麻倉怜士の大閻魔帳
第59回
マランツ「CINEMA 30」は一体型AVアンプ最高峰、弩級イヤフォン「FUGAKU」。'24年のオーディオ10選 後編
2024年12月20日 08:00
マランツ「CINEMA 30」
――ここからは後編として5つ紹介してきます。後編の最初は“マランツ史上最高の一体型AVアンプ”「CINEMA 30」です。
麻倉:マランツの一体型AVセンターでは、最高峰のモデルです。昨年登場したAV10、AMP10の技術資産を投入して音に関するあらゆる部分を刷新してきました。
DAC、電子ボリュームなど「頻繁に電流が流れているデバイス」同士を離し、その横に「あまり電流が流れないデバイス」を置くことで、互いの干渉を最小限に抑えています。パワーアンプ部では、パワートランジスターを新調し、マランツが欲しい音が得られるよう内部の材質を選択しています。これ以外にも、ものすごく多くの工夫が盛り込まれていますよね。
音質も一体型AVアンプの最高峰。というより、そのカテゴリを超えたクオリティと言えましょう。CD再生は透明度が高く、明確な解像感と明瞭な伸びが印象的。“分離”がクリアなので、個々の音情報がディテールまで見えます。
無色透明とまでは言いませんが、自らの個性はこうだと強烈に押しつけない、音の出し方です。これぐらいの価格(77万円)の2chアンプなら、「このブランドだからこの音だ」と個性を主張するものですが、CINEMA 30はそうではありません。謙虚というか、入力信号を最大限に尊重し、キャラクターを付けずに、コンテンツが持つ質感を素直にリニアに増幅する方向で、とても“Hi-Fi”志向。ピュアアンプ的な観点からでも第一級の音ですよ。

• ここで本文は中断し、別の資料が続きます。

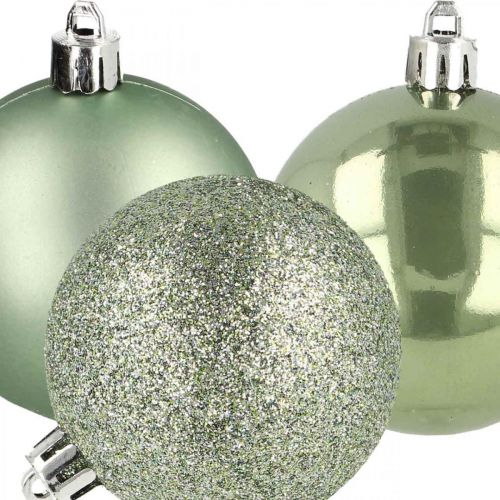 Floristik24 Bola navideña mezcla plastico verde Ø6cm 10pcs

HDMI経由で再生しても素晴らしい。解像度が非常に高く、音の一粒一粒に力が漲り、クリアでワイドレンジなのです。「これがHDMIの音だとは信じられない」と思いますよ。なので、CDだけでなく、Blu-ray、Ultra HD Blu-rayでも、その恩恵を受けられます。
例えばノラ・ジョーンズのロンドンの老舗ジャズクラブRonnie Scott'sでのライブBD。画質、音質共にとても水準が高いので、リファレンスにしているディスクです。
まず拍手、歓声、空気感などのアンビエンスが実に生々しい。センターに確実に位置するノラ・ジョーンズの歌声が鮮烈で、音像がタイトにして、音の芯に塊感がありました。彼女のピアノ、ドラムス、ベースというシンプルな編成の上で、こってりと、説得力鋭く迫るその歌声は、見渡しの良い音場にたっぷりとした量感で響き渡ります。
そのほかにもボブ・ジェームズのUHD BD「Feel Like Making Live」や映画「ラ・ラ・ランド」のチャプター1やチャプター5なども視聴しました。オーディオ的な音性能の高さが、コンテンツが持つ音の魅力を巧みに引き出し、感動的に聴かせてくれる。まさにウルトラハイファイなAVセンターですね。
Brise Audio「FUGAKU」
――次は“究極のポータブルオーディオシステム”とも言えるBrise Audioの「FUGAKU」です。
麻倉:アクティブクロスオーバーとマルチアンプでイヤフォンを鳴らす「ウルトラハイエンドポータブル」な製品です。5ウェイの8ドライバーを12chのパワーアンプで駆動するという、とても複雑なコンフィギュレーションですが、高い完成度とバランスになっていて、驚きました。あの音を聴いたら、250万円という価格にも納得です。
ブッフビンダーとベルリン・フィルが共演したベートーヴェンのピアノ協奏曲第1番では、スコアが読めるような内声部の明瞭さに驚かされます。音場も異次元の透明感。楽器から発せられた音が空中に強力な浮力を持ち、漂っているのが分かります。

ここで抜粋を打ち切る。